Restate the listing below word for word; no pictures belong in the copy.

Data provided »
= = = =

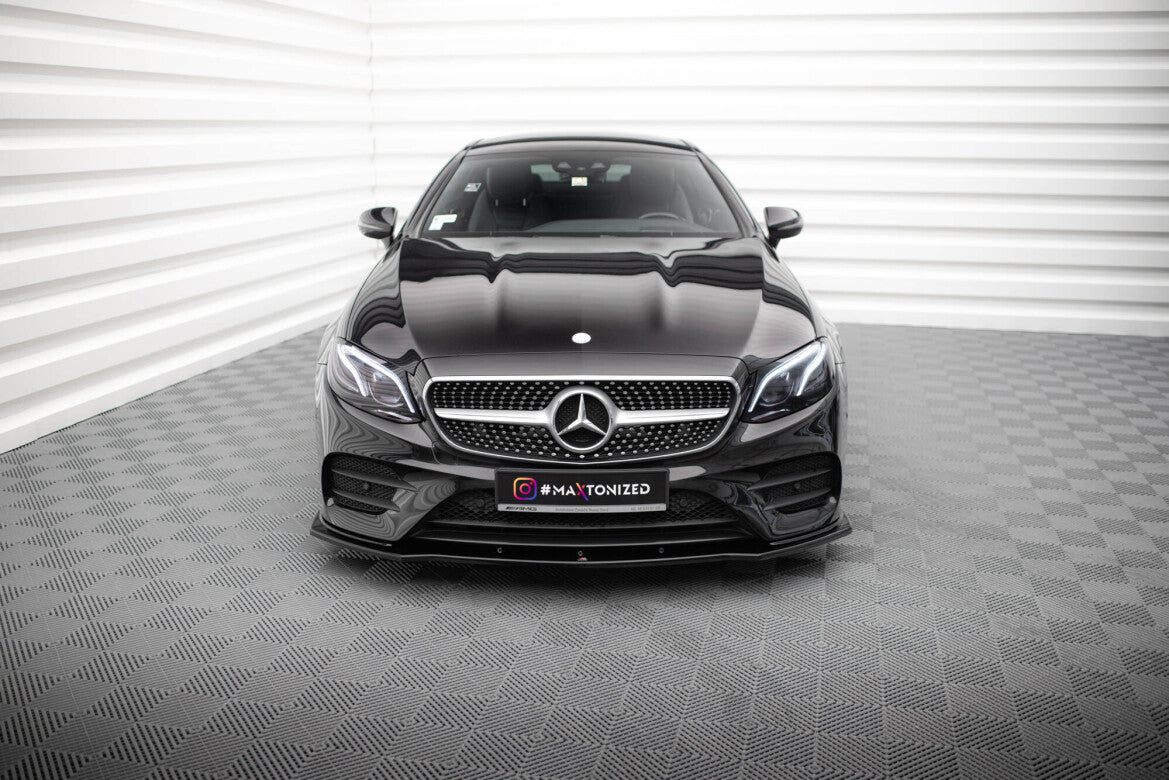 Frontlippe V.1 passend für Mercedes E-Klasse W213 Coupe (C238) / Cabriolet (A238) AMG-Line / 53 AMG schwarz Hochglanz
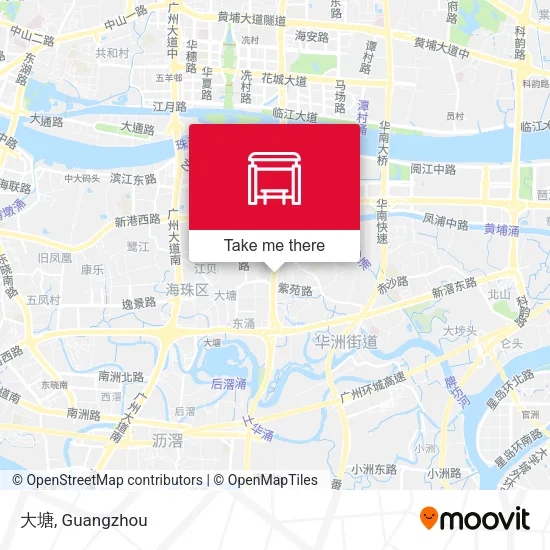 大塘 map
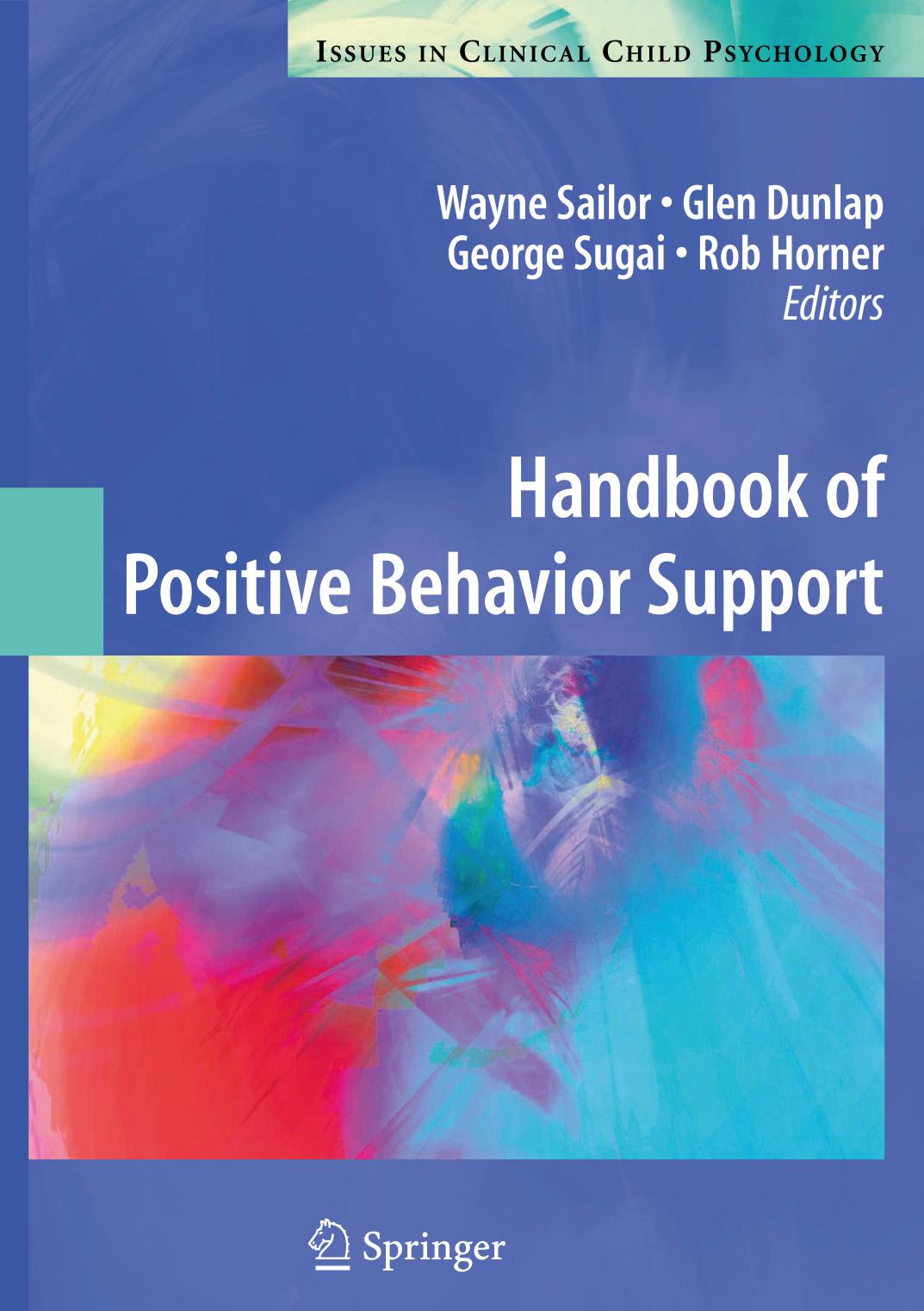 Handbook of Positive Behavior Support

= = = =

Result below »
 Frontlippe V.1 passend für Mercedes E-Klasse W213 Coupe (C238) / Cabriolet (A238) AMG-Line / 53 AMG schwarz Hochglanz
 大塘 map
 Handbook of Positive Behavior Support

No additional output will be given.